EXERCISE PROMPT: Every entry below should be printed exactly, without its images.

DATA IN THIS EXERCISE Block Start

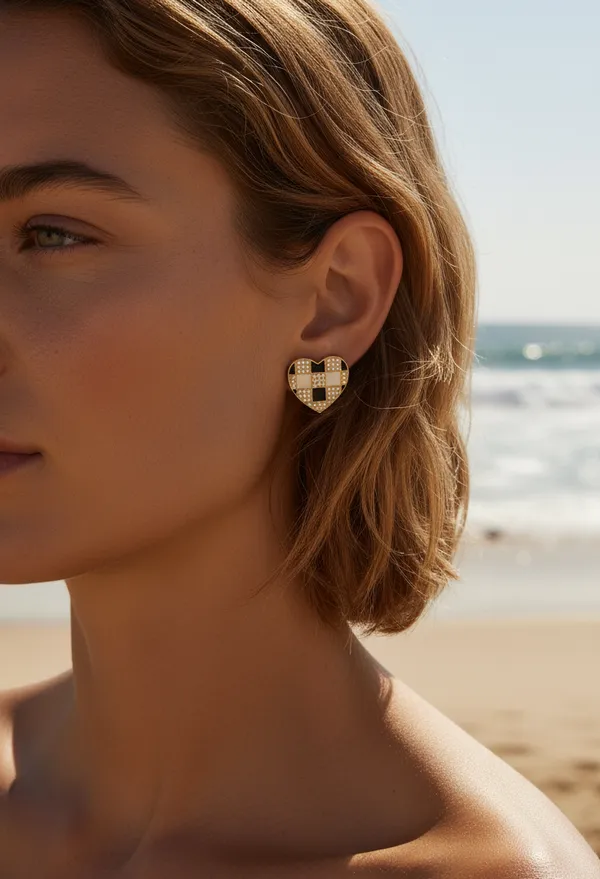 Chic_Checkerboard_Heart_Stud_Earrings_Black_White_Pearl_Detailing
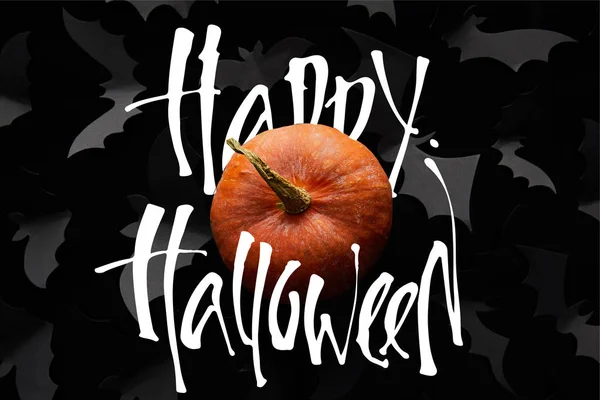 Vista dall'alto di zucca e pipistrelli di carta su sfondo nero con felice illustrazione di Halloween, decorazione di Halloween — Foto stock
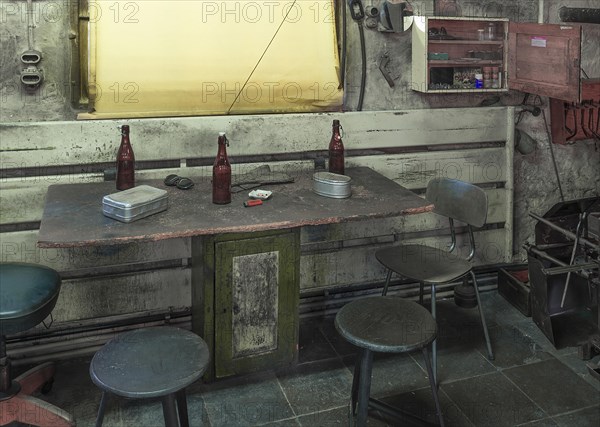 Snack table with spice cabinet in a former valve factory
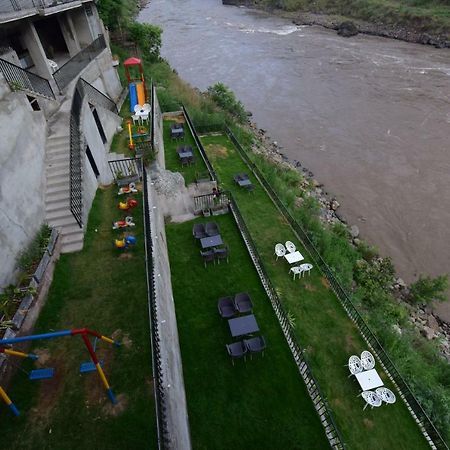La Orilla Hotel Muzaffarabad Εξωτερικό φωτογραφία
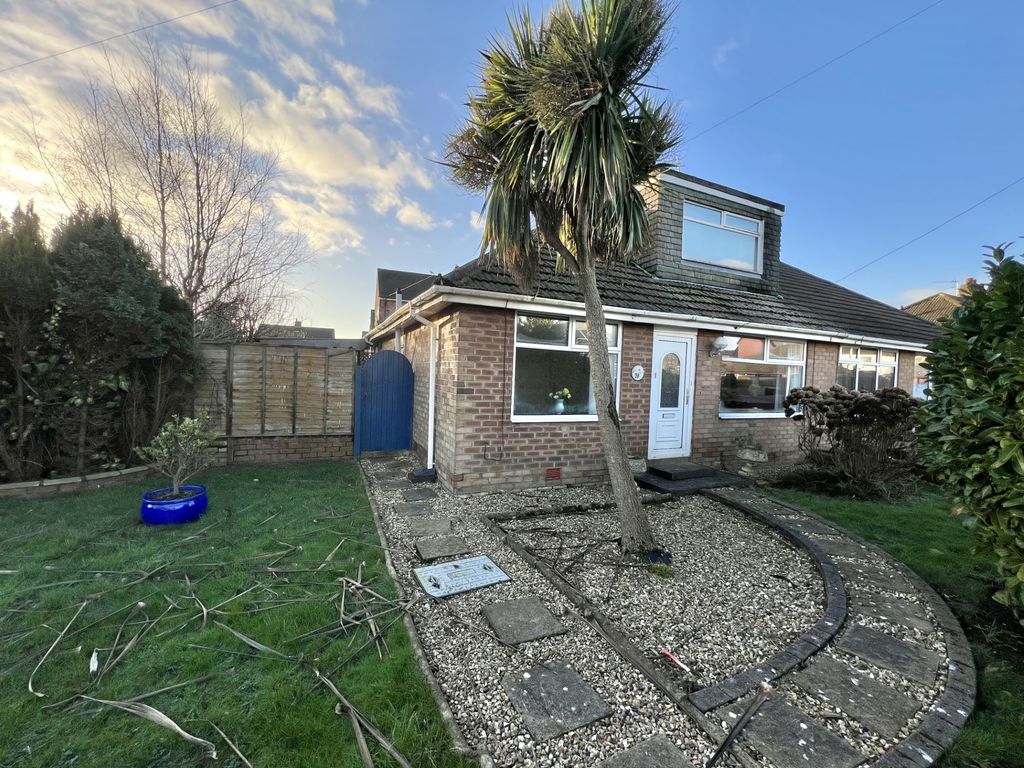 3 bed bungalow for sale in Trunnah Gardens, Thornton FY5, £200,000 Zoopla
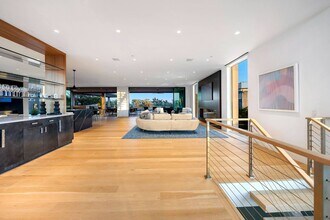 345 Dune Rd in Westhampton Beach, NY - Building Photo - Building Photo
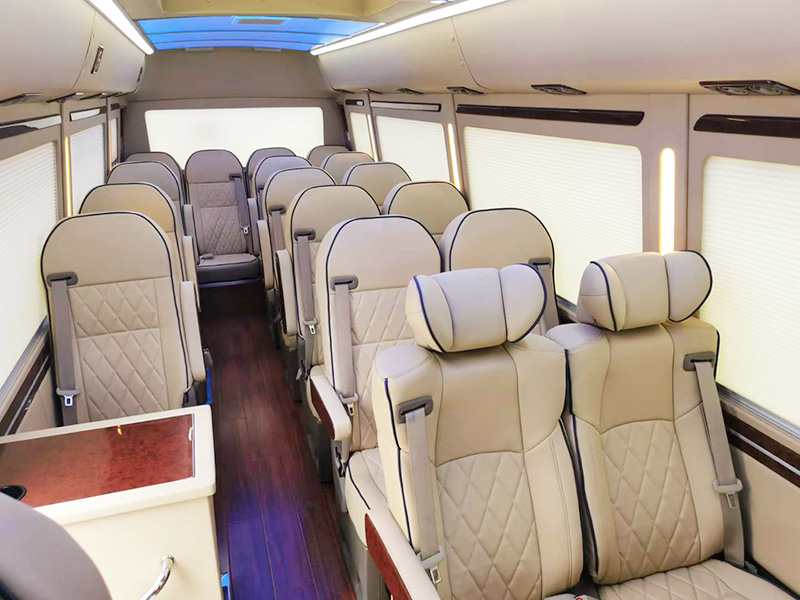 成都考斯特租車 成都考斯特租車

DATA IN THIS EXERCISE Block End

YOUR SOLUTION:
 Chic_Checkerboard_Heart_Stud_Earrings_Black_White_Pearl_Detailing
 Vista dall'alto di zucca e pipistrelli di carta su sfondo nero con felice illustrazione di Halloween, decorazione di Halloween — Foto stock
 Snack table with spice cabinet in a former valve factory
La Orilla Hotel Muzaffarabad Εξωτερικό φωτογραφία
 3 bed bungalow for sale in Trunnah Gardens, Thornton FY5, £200,000 Zoopla
 345 Dune Rd in Westhampton Beach, NY - Building Photo - Building Photo
 成都考斯特租車 成都考斯特租車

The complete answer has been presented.